Jotspot Coming to Google Apps as Google Wiki? - dawie
http://blogoscoped.com/archive/2007-09-03-n64.html
======
queensnake
Why does Google have to have all the right ideas? I've been wanting an online,
personal wiki to use as a notepad / idea processor for everywhere, but I'm
already leery of Google having all my precious bodily data (bloglines, gmail).

------
ecommercematt
I gather JotSpot has some good features, but if I were using a wiki to manage
mission-critical information (particularly if said mission had anything to do
with the internet or computers), I'd be hesitant to have it hosted on somebody
else's server (particularly Google's). If I need a structured wiki (not a
Mediawiki-esque free-for-all), I go with TWiki, despite its clunkiness.

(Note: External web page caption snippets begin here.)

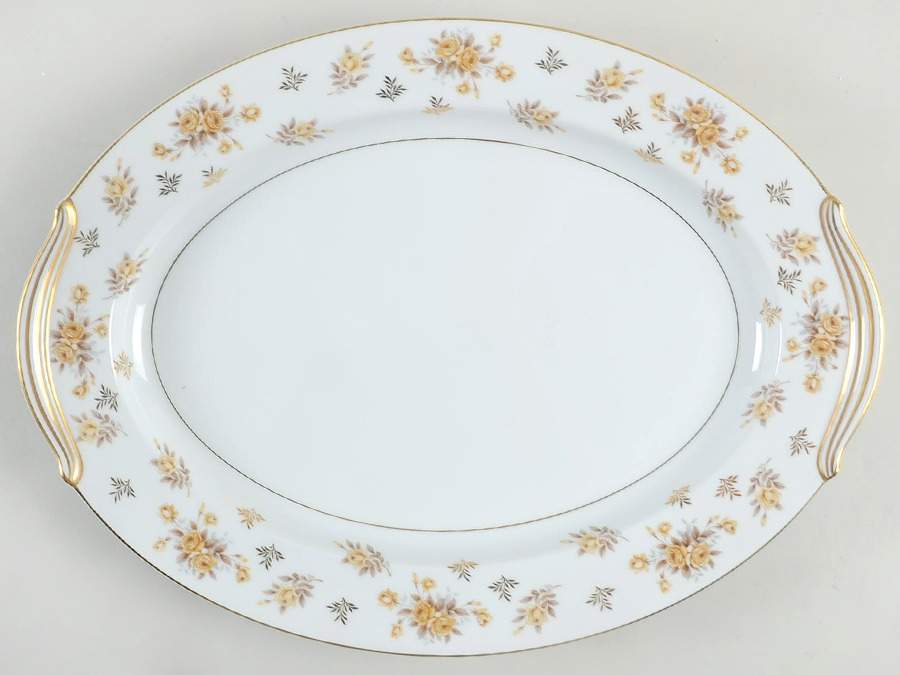 Charlene 16" Oval Serving Platter by Noritake-1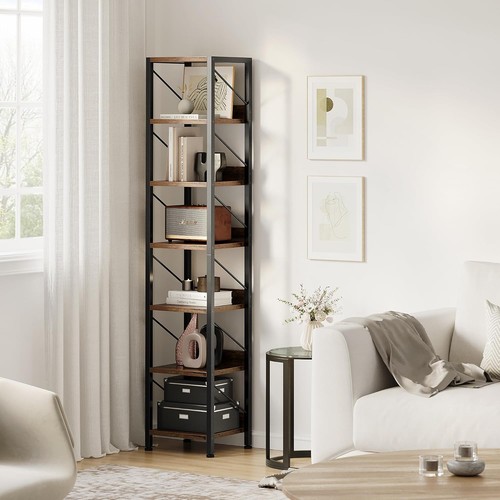 Tier standing book shelves - 6-tier,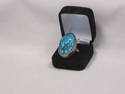 Blue Large Natural Turquoise Ring  SZ 8.25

Here is a link to a comparison of sorts, if anyone is interested:

<http://twiki.org/cgi-bin/view/Codev/JotSpot>

------
zach
Well, hopefully we can hear more from Joe Kraus once it does. I mean in terms
of interviews or blog posts, but if he's going to be starting up a new
project, that would be great too. Does even Joe have a Google 20% time project
(call it a GTPTP)? I wonder about stuff like that.

------
nickb
Jotspot is my favorite wiki of them all. I use it on daily basis and we use
not only the wiki but also the bug tracker, project management app and also
the to-do list app. It has had features 2 years ago that many apps still lack
today.

------
dawie
Techcrunch is covering it too: [http://www.techcrunch.com/2007/09/03/google-
wiki-prepares-to...](http://www.techcrunch.com/2007/09/03/google-wiki-
prepares-to-launch/)

------
mattculbreth
Will this compete with Versionate? That'd be at least three YC Google
competitors (Kiko, Zenter being the others) I guess.